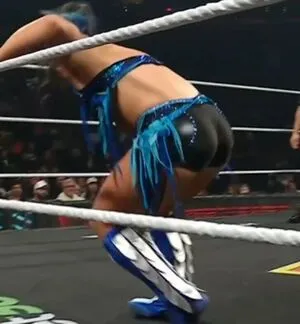 Lyra Valkyria OnlyFans Leaked Free Thumbnail Picture - #3OLXRiMCBY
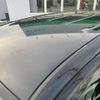 toyota vanguard 2013 -TOYOTA--Vanguard DBA-ACA38W--ACA38-5250671---TOYOTA--Vanguard DBA-ACA38W--ACA38-5250671- image 15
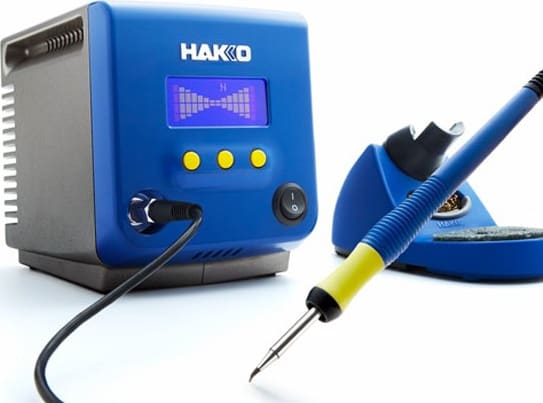 Hakko FX-100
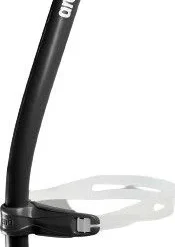Tuba Arena SwimSnorkel Pro III Black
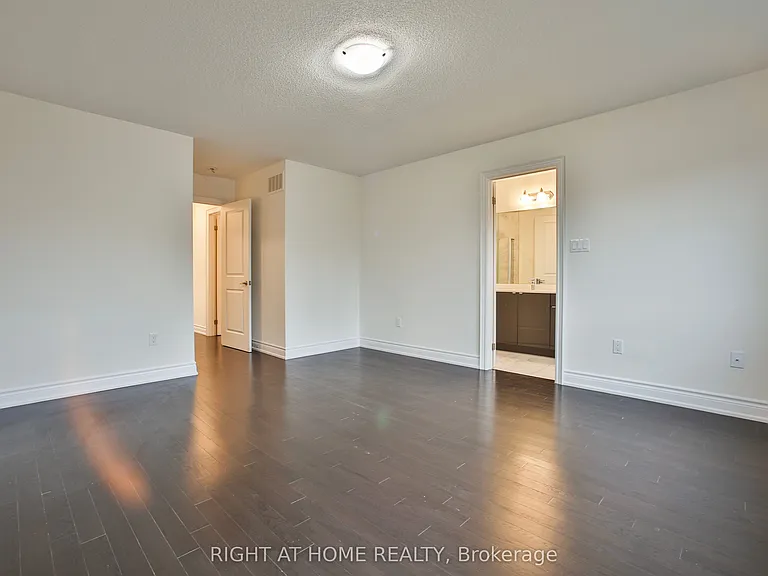 25 Hubbell Rd #UPPER — Photo 30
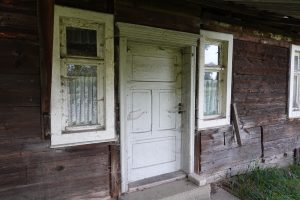 Spreewaldansichten (9) - H. Müller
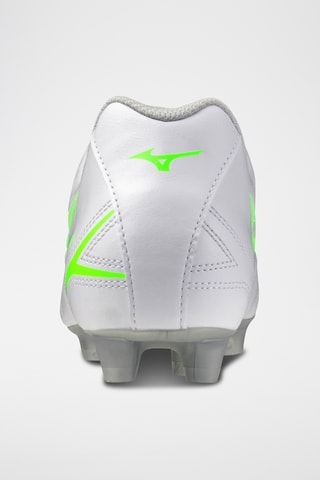 Voetbalschoenen - Wit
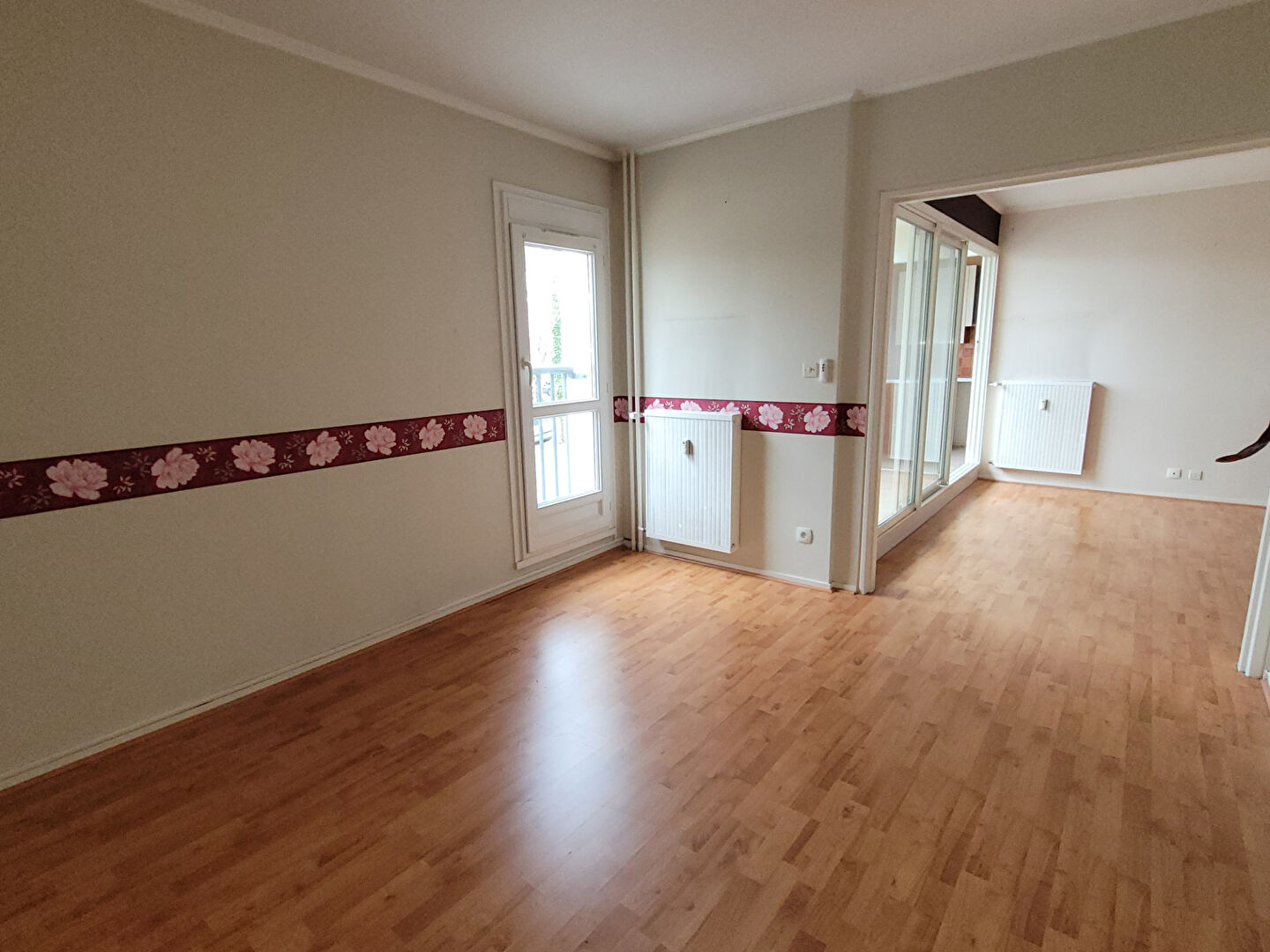 Photo Appartement Angouleme 3 pièce(s) 88.58 m² image 6/6
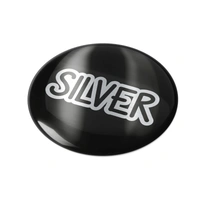 Zilver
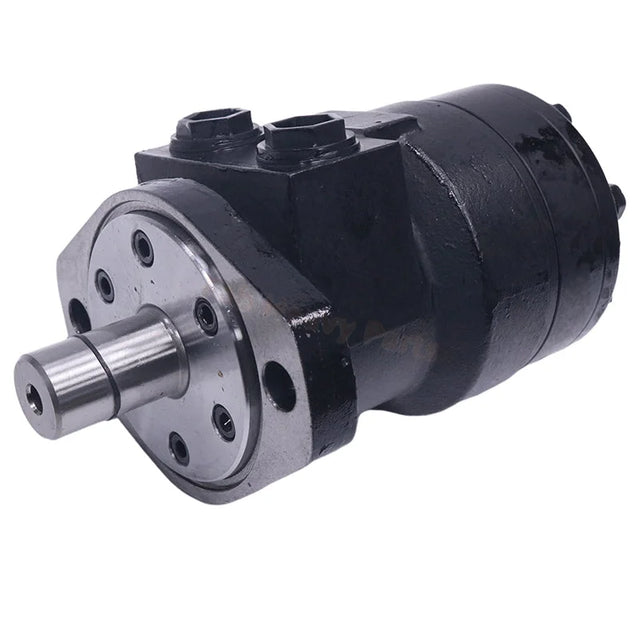 Hydraulic Motor 103-1541-012 Replaces Eaton Char-Lynn S Series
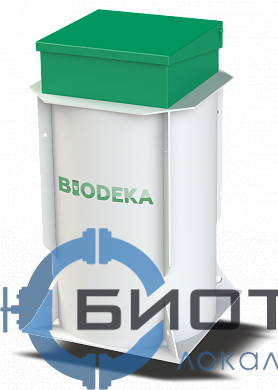 BioDeka-3-600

━━━

**Directions:** Without any pictures, write out the lines running from the one containing "Hydraulic Motor 103-1541-012" through the end of the listing above, both included, exactly as given.

**Output for this task:**
 Hydraulic Motor 103-1541-012 Replaces Eaton Char-Lynn S Series
 BioDeka-3-600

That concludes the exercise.